Mr. McCain was captivated, recalled Jeffrey Record, then an aide to former Senator Sam Nunn, the hawkish Georgia Democrat. “He thrives on competition, and he thrives on political combat,” Mr. Record said. “He saw the glamour of it. I think he really got smitten with the celebrity of power.”

First stop in Senate
It is unclear how long Mr. McCain has dreamed of the White House. Languishing in a North Vietnamese prison camp in 1970, he once mused aloud about the presidency, a cellmate, Richard A. Stratton, told a reporter eight years ago.

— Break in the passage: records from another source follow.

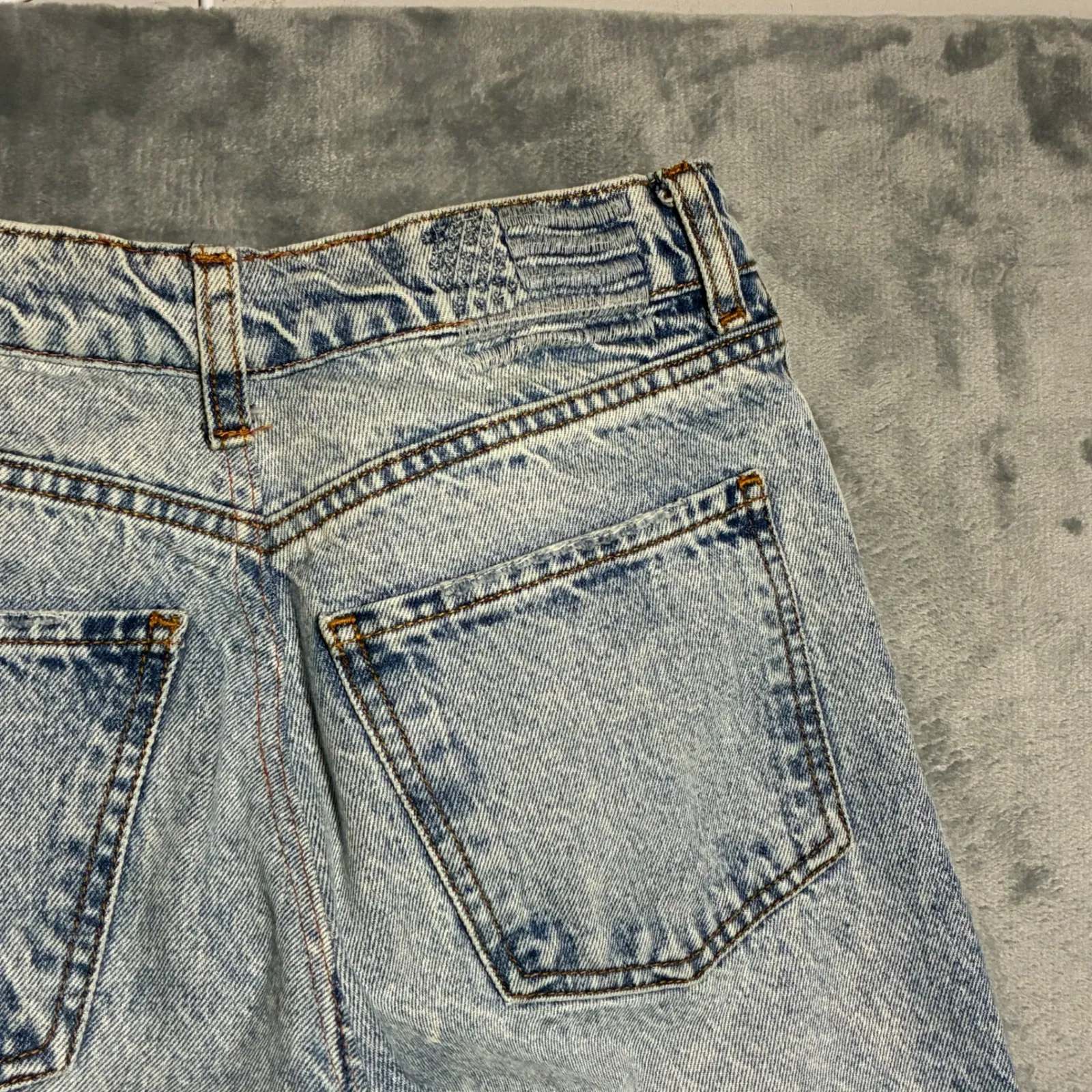 Revice Denim Light Wash Distressed High Waisted Straight Leg Jeans Womens 28 - Image 5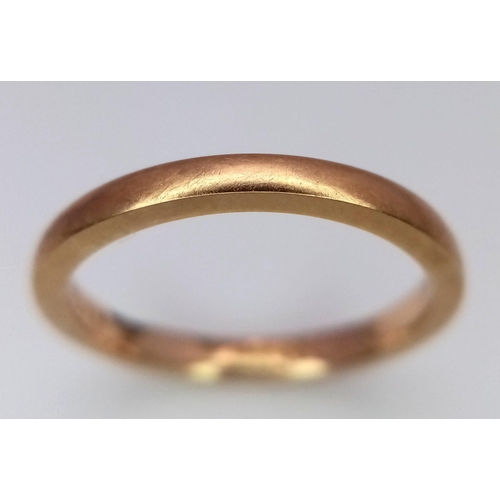 64 - A Vintage 9K Yellow Gold Band Ring. Size L. 1.95g weight.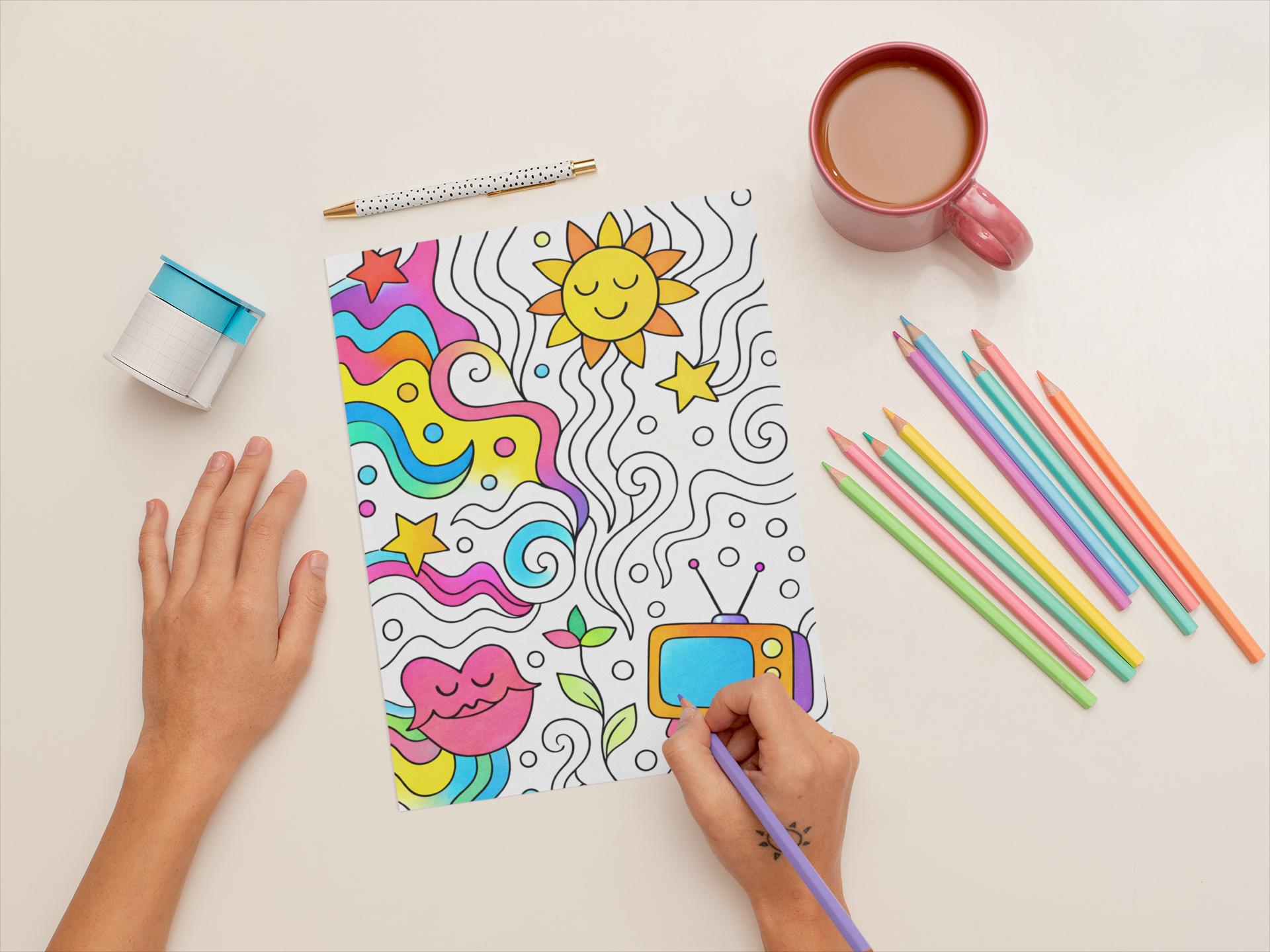 Groovy 70's Coloring Pages, Psychedelic Printable Art, Trippy Abstract ...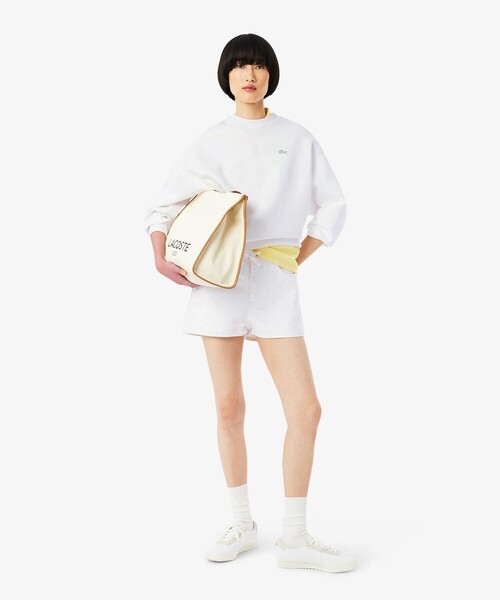 LACOSTE（ラコステ）の「オーバーサイズダブルフェイスジャージ クルーネックスウェットシャツ（スウェット・レディース・ホワイト/ベージュ・38/40/36/34）」の9枚目の写真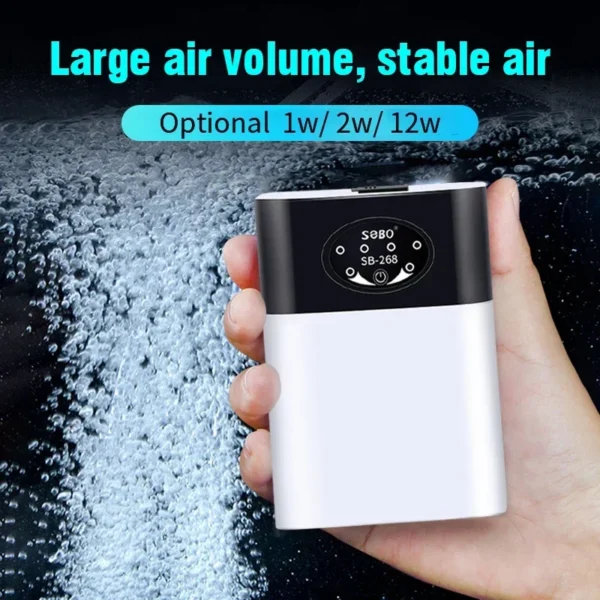 Dual-Purpose Aquarium Oxygen Pump Practical Exhaust USB Charging Portable Ultra Silent Air Compressor for Fish Tank Air Pump - Image 2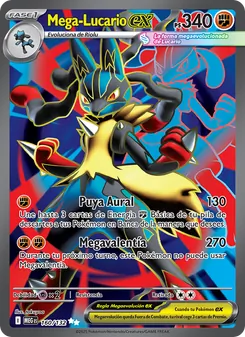Carta Mega-Lucario ex de la expansión Megaevolución, número 160/132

But when he returned from Vietnam in March 1973, Mr. McCain was so determined to continue as a Navy pilot that in defiance of his doctors he underwent a year of excruciating physical therapy to force an injured knee back to the required range of motion.

A steady trickle of other former P.O.W.’s were running for office, and Mr. McCain’s well-publicized valor as a captive had made him a minor celebrity. But he rebuffed invitations to enter politics, focusing instead on his assignment commanding a fighter squadron near Jacksonville, Fla. He blamed Congress for “willfully breaking America’s word,” he later wrote, which he considered “shameful.”

But Adm. James L. Holloway, the chief of naval operations, saw other uses for Mr. McCain. Mr. Holloway knew that Mr. McCain’s father had once excelled as a Senate liaison. And though the son had earned a reputation as a playboy at the Naval academy, Mr. Holloway thought then-Commander McCain might have inherited the skills and judgment needed to deal with senators.

“He could smoke a cigar and play a little poker,” Mr. Holloway recalled in an interview. “But he didn’t let the situation get out of hand. He could tag along and take care of them and pay the bills and remember where they parked the car. And he was very circumspect. He didn’t get them in trouble.”